**Dataset content**.

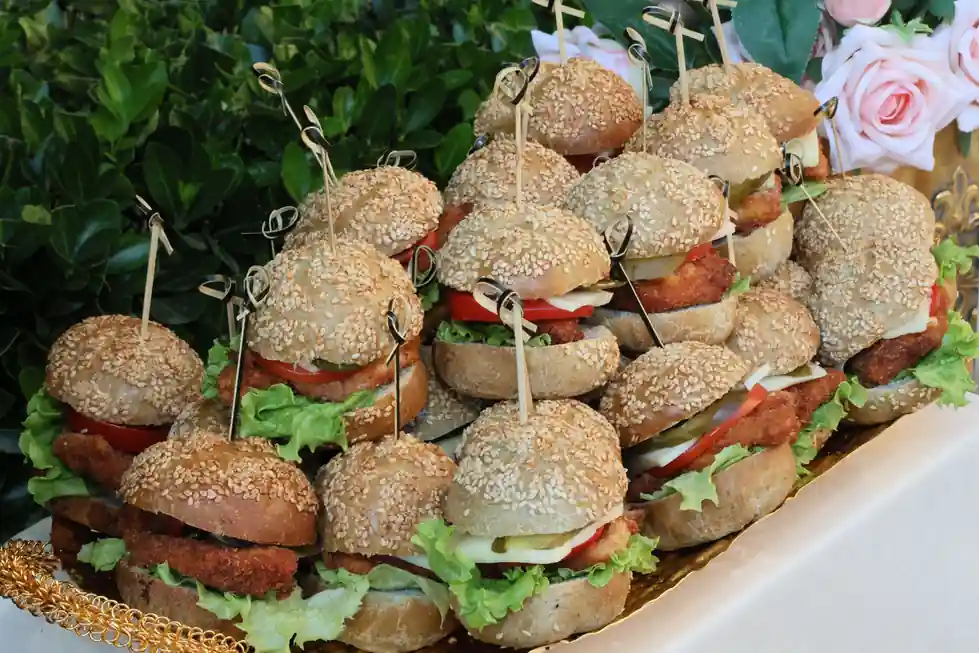 Travis's Turkey Burgers with a Bite
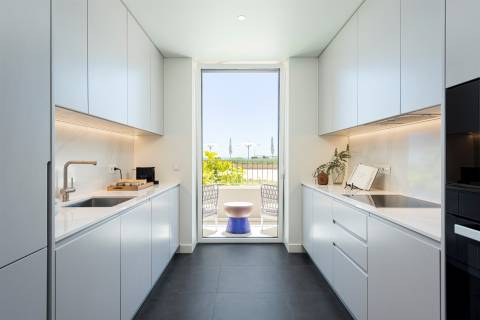 Luxuoso Apartamento T2 com Vista Mar a 200m da Praia – Forte Novo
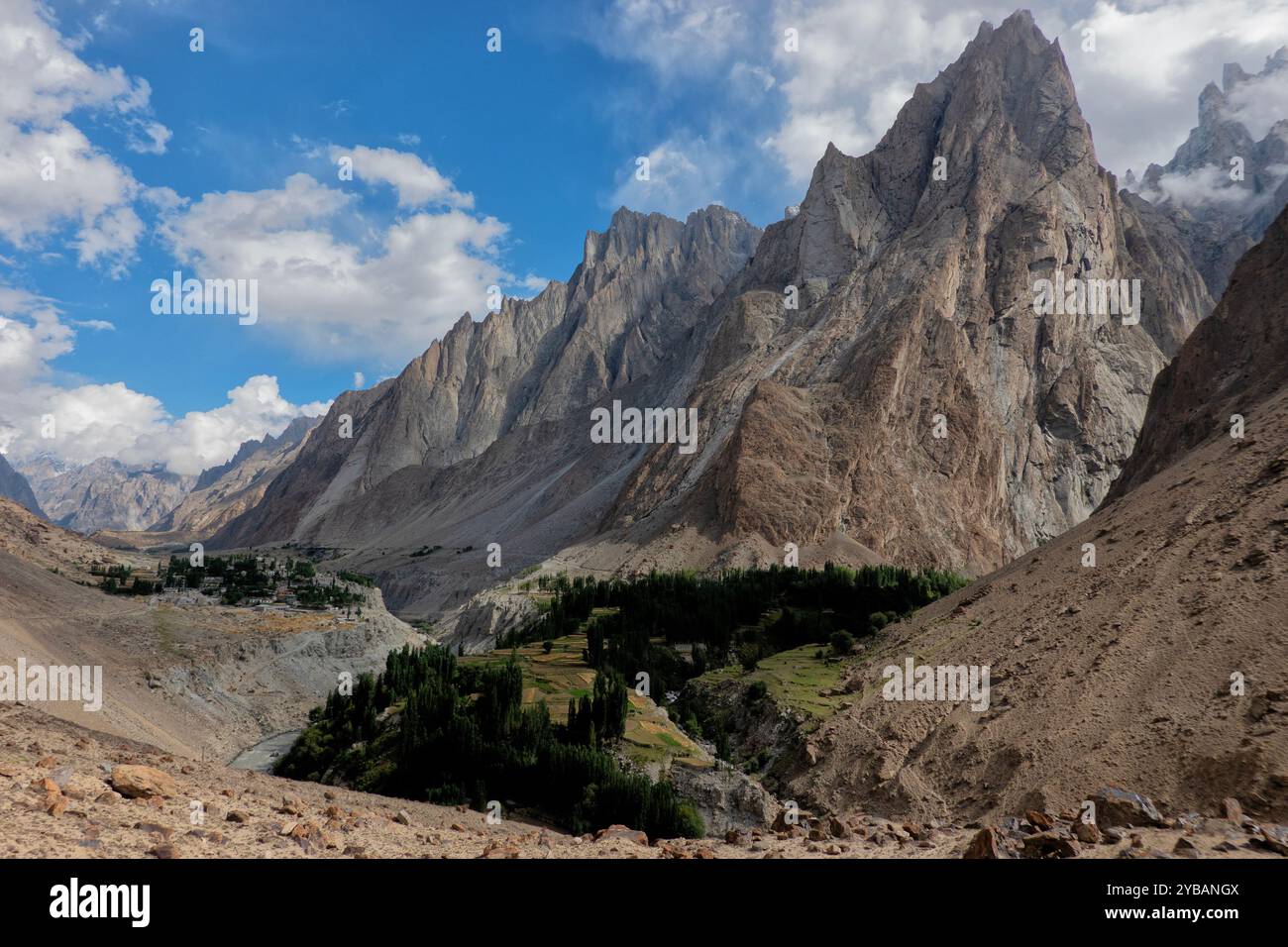 Villaggio di Kanday e campi nella valle di Hushe, Baltistan, Pakistan Foto Stock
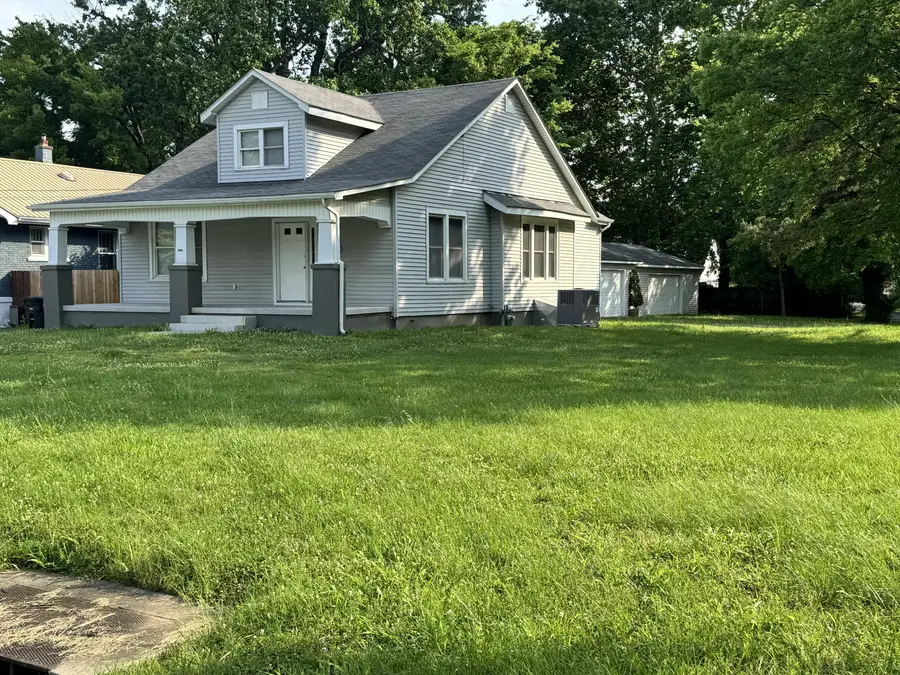 606 W Jefferson Street, Paducah, KY 42001 - #2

**Action item**. Omit all pictures, and repeat exactly the lines from the line containing "Luxuoso Apartamento T2" through the end of the data.

**Task answer**.
 Luxuoso Apartamento T2 com Vista Mar a 200m da Praia – Forte Novo
 Villaggio di Kanday e campi nella valle di Hushe, Baltistan, Pakistan Foto Stock
 606 W Jefferson Street, Paducah, KY 42001 - #2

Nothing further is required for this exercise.